Slouch hat with emu plume : General Sir Harry Chauvel

Place Europe: United Kingdom, England
Accession Number REL/04263.001
Collection type Heraldry
Object type Headdress
Physical description Cotton grosgrain, Emu feather, Enamel, Fur felt, Gilded brass, Leather, Polished cotton
Maker Hatcraft Pty Ltd
Date made 1934
Conflict Period 1930-1939

Khaki fur felt slouch hat with brim bound with khaki cotton grosgrain ribbon, a khaki polished cotton five-fold puggaree and a pair of ventilation eyelets on either side of the crown. The left brim turn up supports an emu feather plume and carries a pre-World War One Staff Corps gilded brass, silver and red enamel Rising Sun hat badge. The hat has a brown leather chinstrap with brass slide for adjustment; the leather sweatband is stamped 'HATCRAFT PTY. LTD. 1934 6 3/4'.

History / Summary

Slouch hat worn in England during General Sir Harry Chauvel's visit to London in 1937 as leader of the Australian contingent at the coronation of King George VI. He is thought to have chosen to wear the earlier pattern Staff Corps badge on the hat for its greater decorative effect.
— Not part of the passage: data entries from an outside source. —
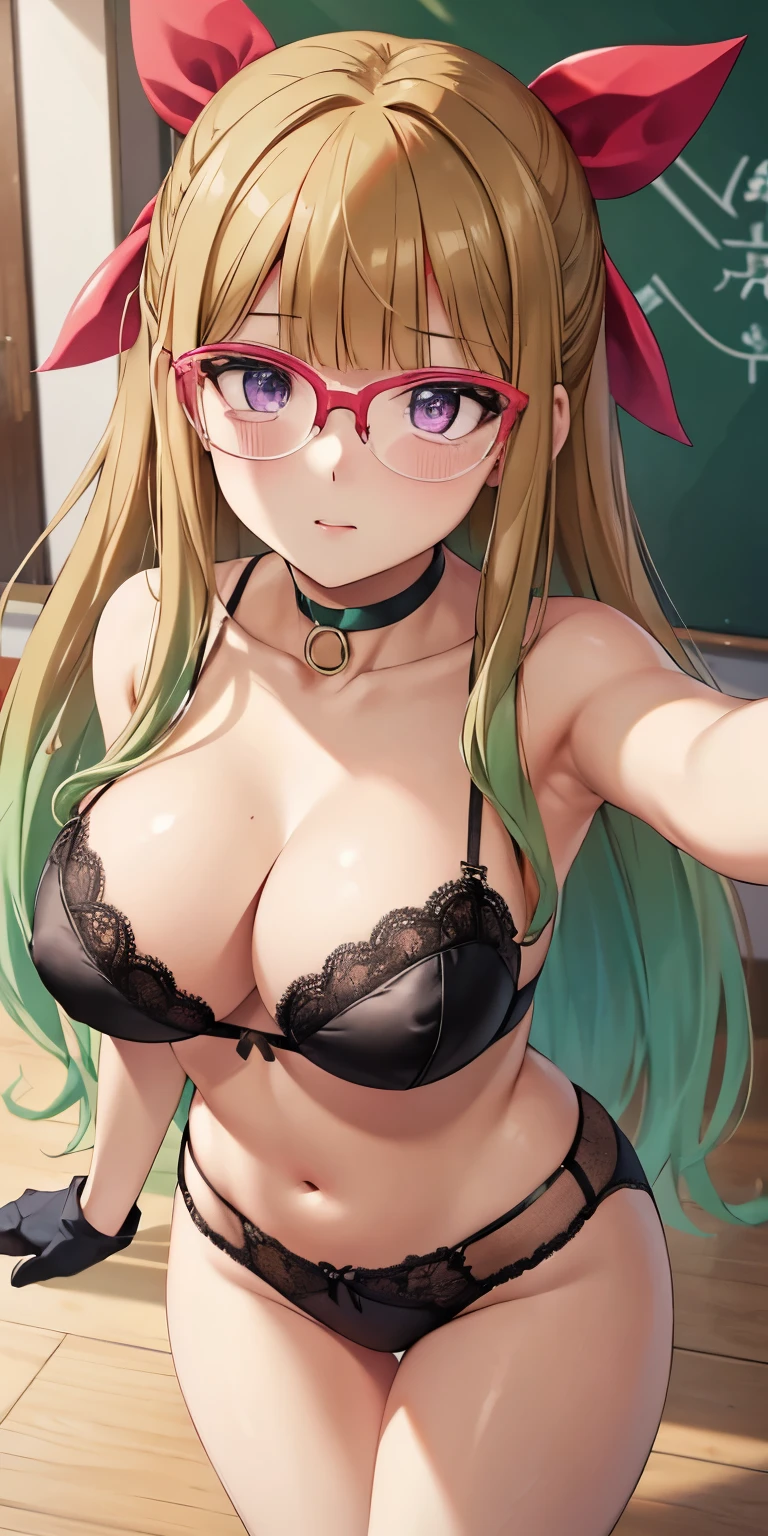 1 Female,High definition,high resolution,Ultra-realistic,8K,ohdoyuamu, 1girl, solo, long hair, green hair, blonde hair, brown hair, bow, ribbon, purple eyes, hair ribbon, hair bow, glasses, green choker, white gloves, blunt bangs, red-framed eyewear,European,sexy,Upper body close-up,Photographed from the front,Dynamic Angles,private teacher,blush, huge tits, nipples ,show  ,(black lace bra),(black lace panties),(top view),(selfie)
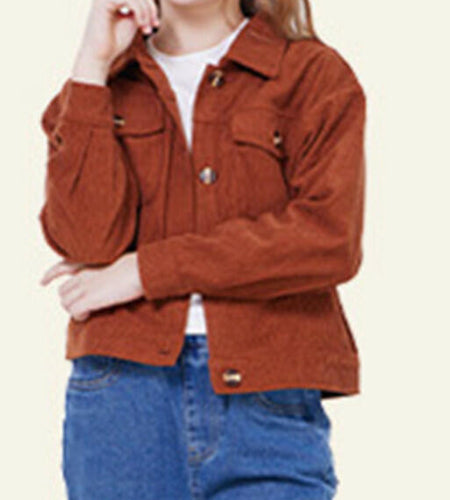 WULFUL Girl's Corduroy Button Down Jacket Brown Fall Outerwear Size 5-6Y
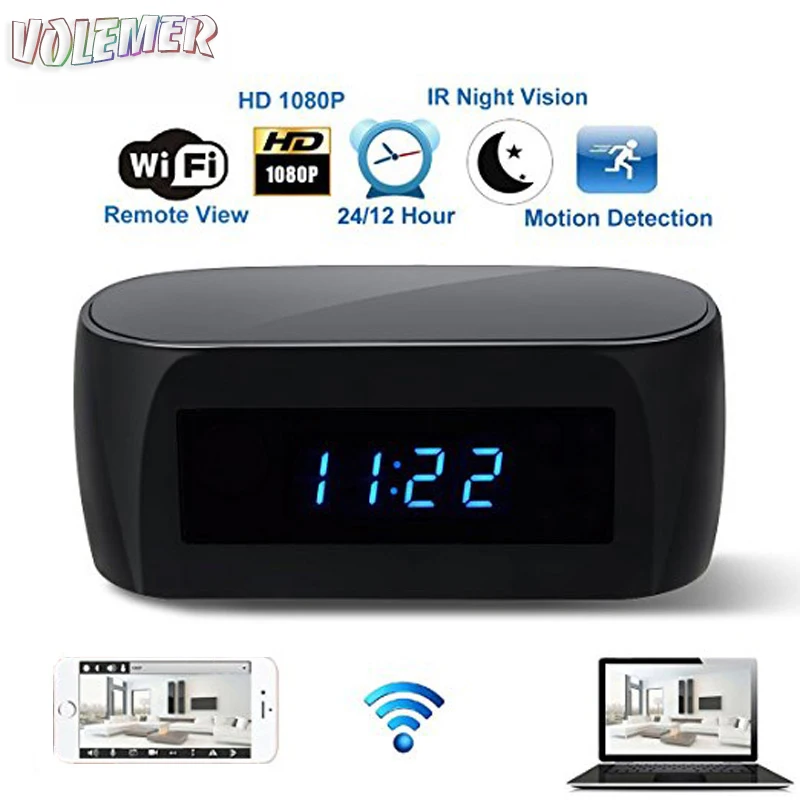 

Volemer 1080P Wifi Mini Camcorder Wireless Electronic Clock Camera Remotely Monitor P2P CCTV Cam for Home Security Mini Camera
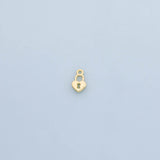 Lock Heart Charm 18K Gold Filled Silver Charm Bar Bracelet Necklace Charms Minimalist for DIY Jewelry Making Supply Pave CZ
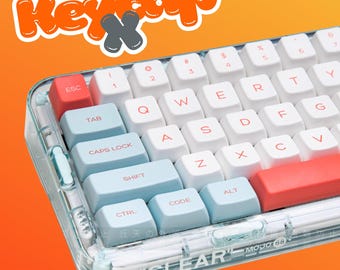 Red Blue White Keycap Set: 143-Key XDA Profile, PBT Keys, 60% to 108-Key Layouts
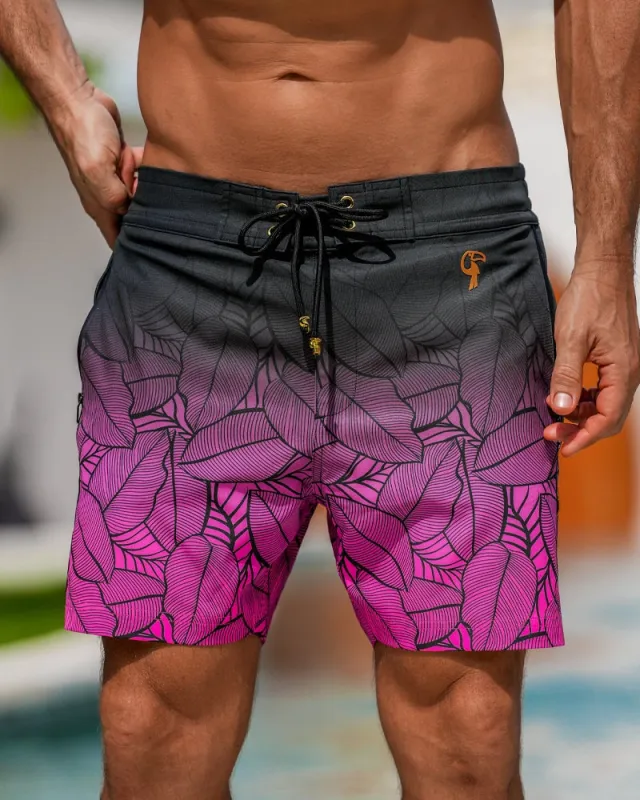 Black Leaf Magenta Swim Trunks - 5" sold by Tucann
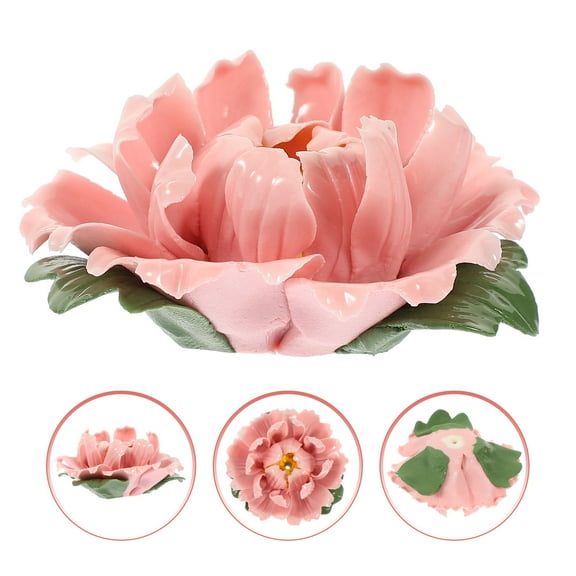Masteelf  Ceramic Peony Flower Incense Stand Holder Ornament Office Pink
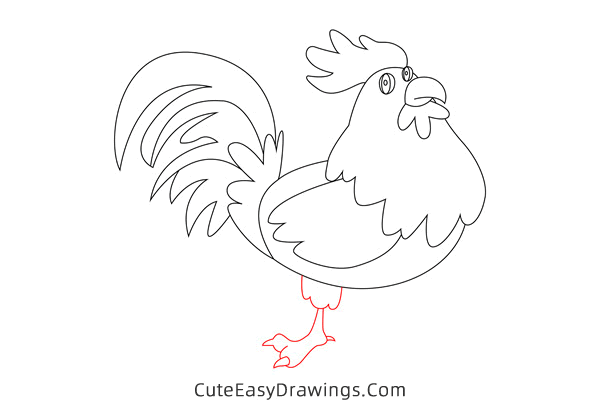 how to draw a rooster - www.cuteeasydrawings.com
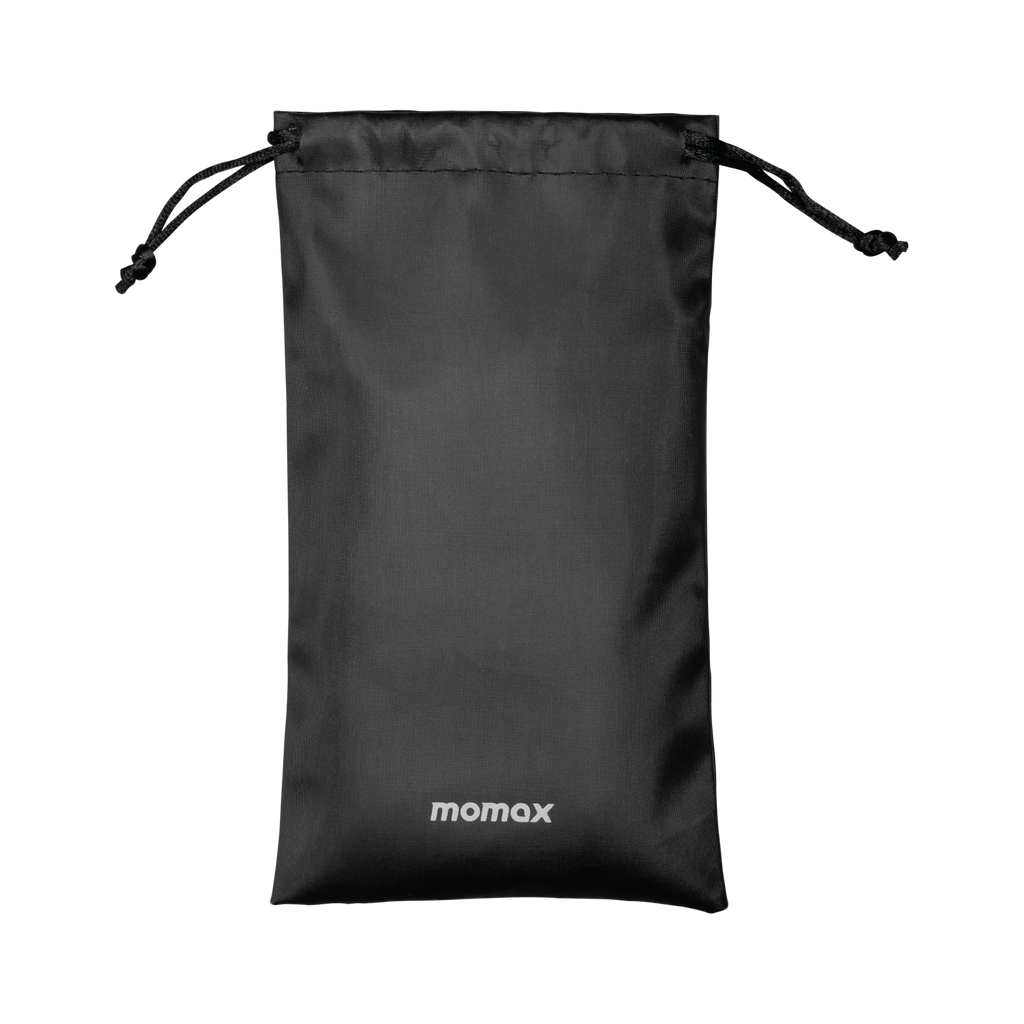 MOMAX drawstring travel pouch included with the 1-World 120W charger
Born in 1865, Harry Chauvel served in the Boer War as a Major in the Queensland Mounted Infantry. He later assisted in the establishment of the Royal Military College, Duntroon. In 1914 he commanded the 1st Light Horse Brigade. After serving at Gallipoli, Chauvel led the Light Horse across the Sinai and received his knighthood after the battles of Magdhaba and Rafa in December 1916 and January 1917. Chauvel was the first Australian to command a corps and in 1917 and 1918 his Desert Mounted Corps assisted the British army in driving the Turks from Palestine. Chauvel was chief of the Australian general staff from 1923 to 1930 and in 1929 was the first Australian to become a full general. He retired from the army in 1930. In 1940, aged 75, he was recalled to duty and appointed Inspector-General of the Volunteer Defence Corps. He died in 1945.